The status was set to 1 if two cells were sister cells and to 0 if observed two cells were not sister cells. We included only those pairs with status 0, that have not already been included with status 1. We assumed only binary trees.

Figure 1. AMbeRland approach for learning features from the DREAM Challenge training data.

All calculations were performed in R using package gbm https://cran.r-project.org/web/packages/gbm/index.html. Following options were used to train Generalized Boosted Regression model:

  • distribution = "bernoulli",
  • n.trees = 100,
  • interaction.depth = 1,
  • n.minobsinnode = 3,
  • cv.folds = 5.

Clustering

The clustering starts at the lowest tree level, where all possible pairs of cells are ranked according to the predicted probability that they are sisters.
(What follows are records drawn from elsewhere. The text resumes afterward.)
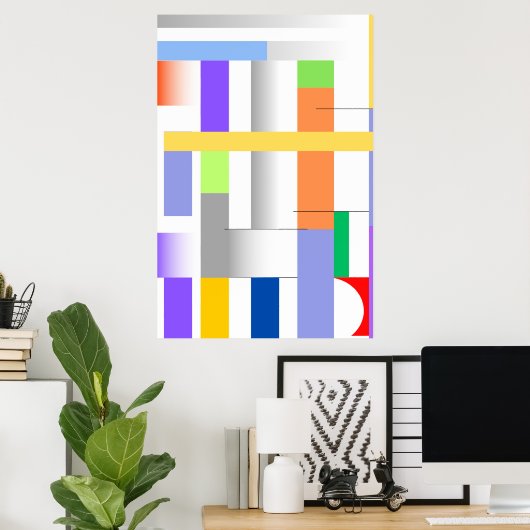 "Geometrische Art Print Premium Poster Wall Art (Thuiskantoor)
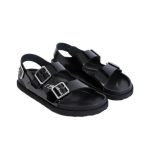 Birkenstock 1774 Milano Vyri&scaron;kos Odinės Stilingos Sagtys Paplūdimio &Scaron;lepetės Juodos 1027715 43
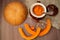 Pumpkin milk soup in a pot, close-up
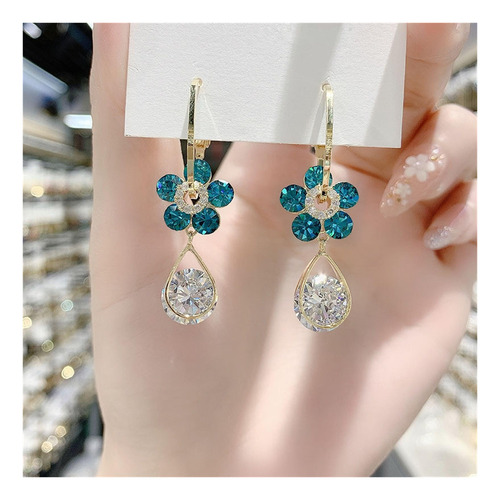 2 Pares De Pendientes Creativos De Cristal Con Forma De Flor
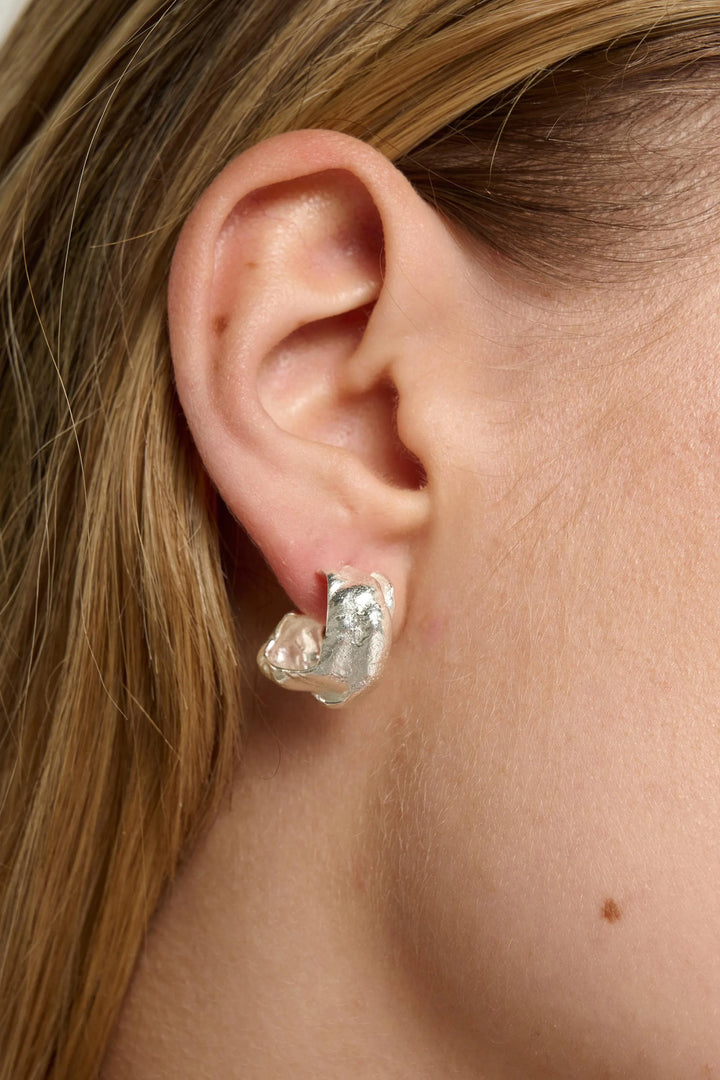 Wax Silver Textured Hoop Earrings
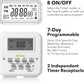 BN-LINK Digital Timer Outlet 7 Day Programmable Digital Outlet Timer with 2 Independent Outlets 3-Prong Mini Indoor Easy Set Stackable Plug-in for Lights Lamps Fans Accurate 8A/1000W 1/3HP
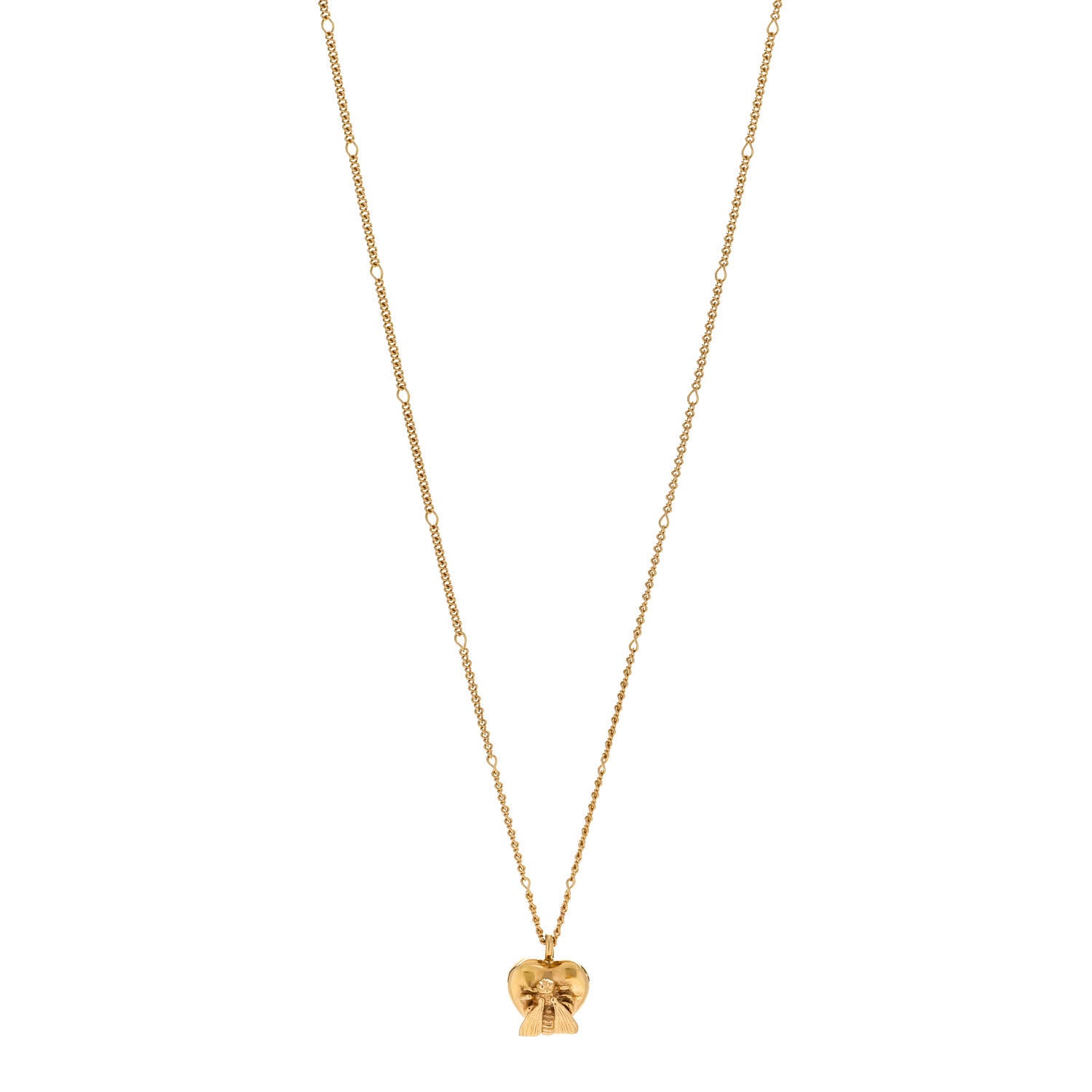 Gucci 18K Yellow Gold Le Marche Des Merveilles Bee Heart Pendant Necklace 1 of 6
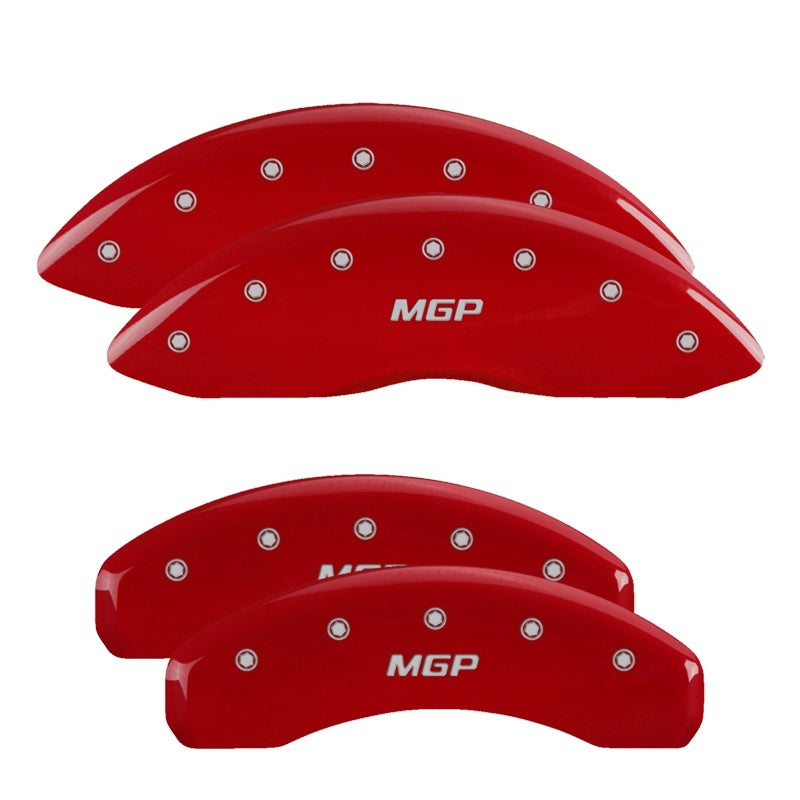 MGP 4 Caliper Covers Engraved F&R MGP Red Finish Silver Characters 11-18 Jeep Grand Cherokee MGP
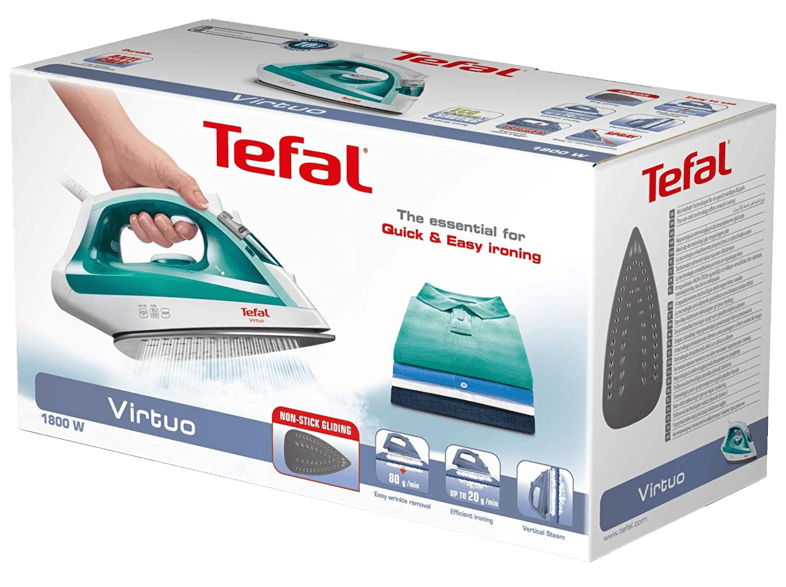 Утюг tefal virtuo fv1711e0 синий белый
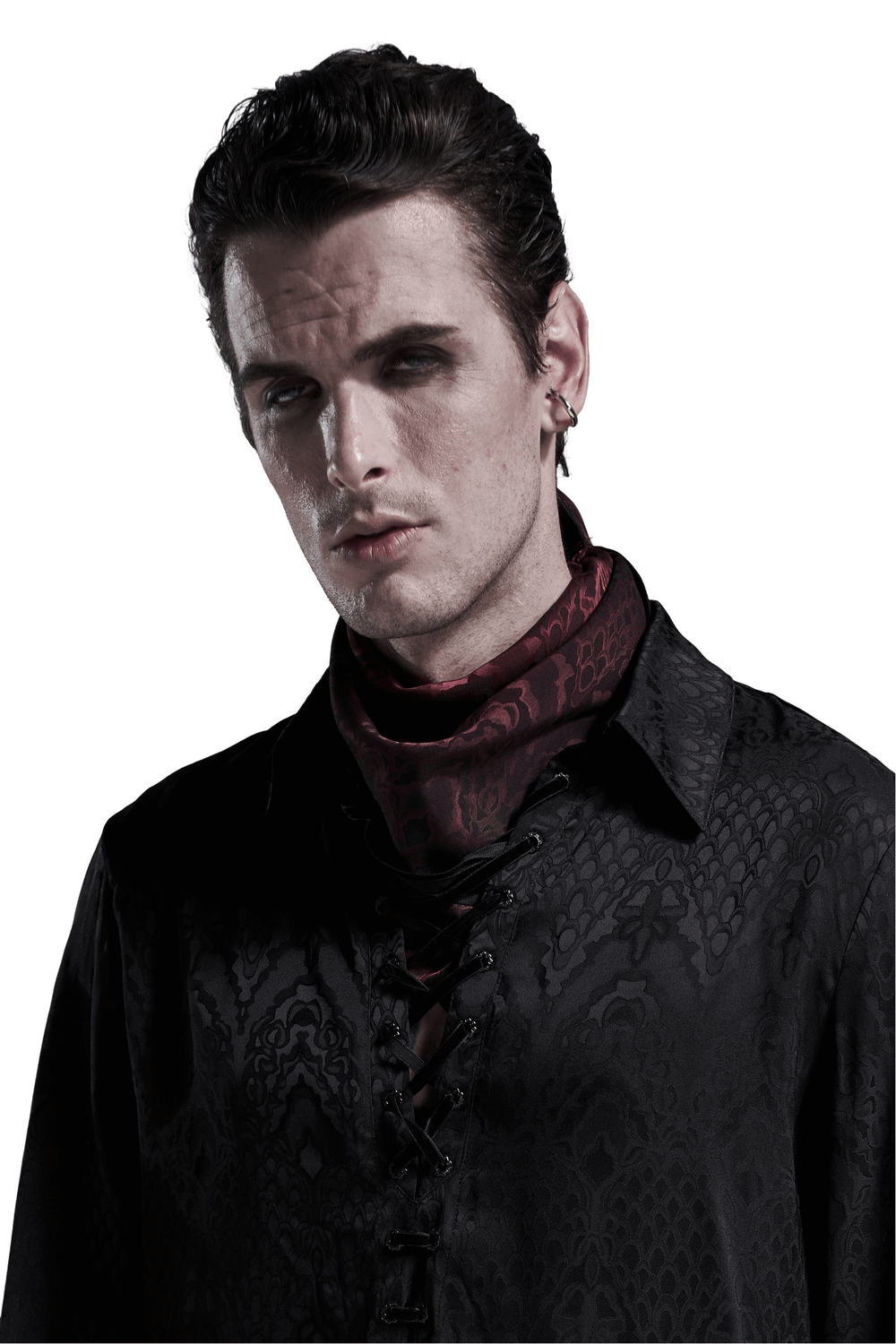Male model wearing a gothic wine-red jacquard triangular bandana and black shirt, exuding a dramatic vampire look.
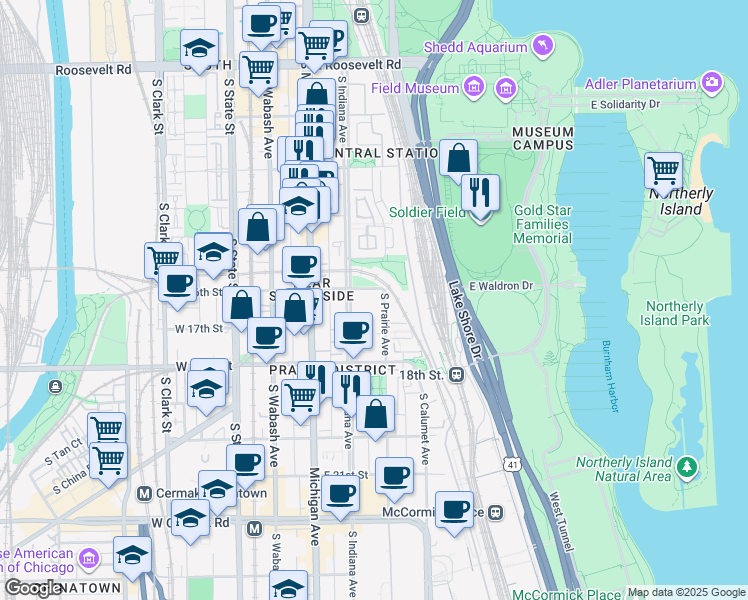 map of restaurants, bars, coffee shops, grocery stores, and more near 260 East 16th Street in Chicago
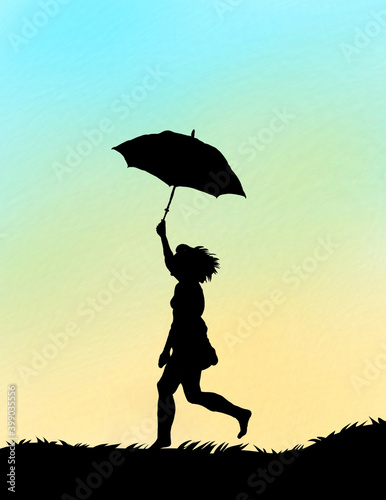 illustrated silhouette of a girl enjoying on beautiful weather by holding umbrella .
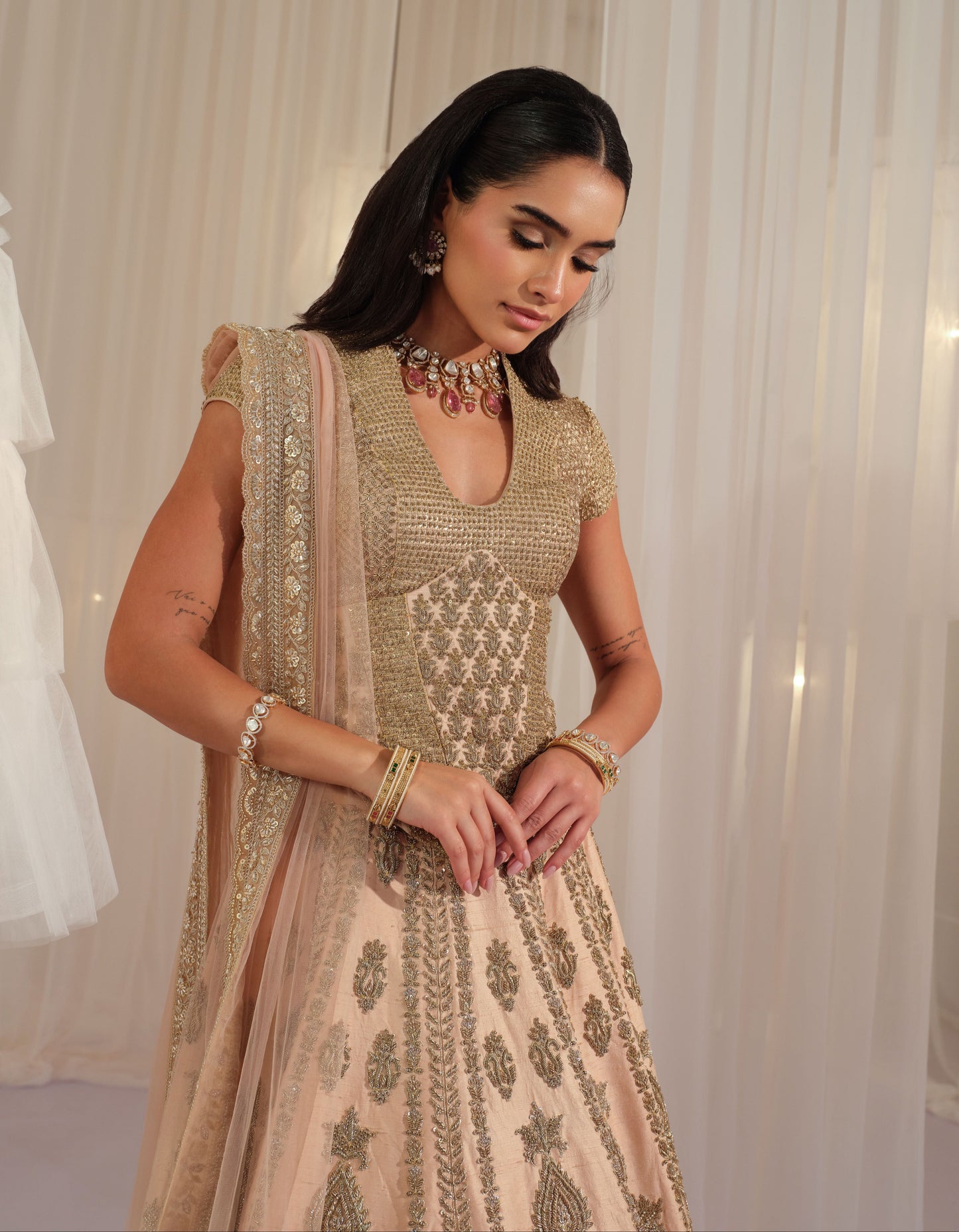 Peach Muted Gold Corset With Lehenga & Dupatta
At each consecutive level, pairwise comparison is performed between each lower level cluster by calculating the maximum probability between any elements of two clusters. Pairs of clusters are ordered again according to this probability and are assumed to have the same parent-node if it’s value is above the estimated threshold for this level. This process was repeated until one or two clusters were left.

Figure 2. AMbeRland approach for clustetering cells based on predicted probabilities that cells are sister cells.

During the tree construction, the ground truth was used to evaluate a set of decreasing thresholds corresponding to how any two individual clusters of cells were related at different levels of the lineage tree.

Usage

To reproduce AMbeRland's submission for Subchallenge 1:

Rscript run.R

By default, the code will use fitted model. To fit the model based on training data, change:

  use.trained.model<-FALSE

To write results into spreadsheet, change:

  write.results.to.file<-TRUE

To explore influence of threshold values, run:

    Rscript thresholds.R

This will calculate distribution and mean of the Robinson-Foulds distance and the triplets distance for training data for a given threshold.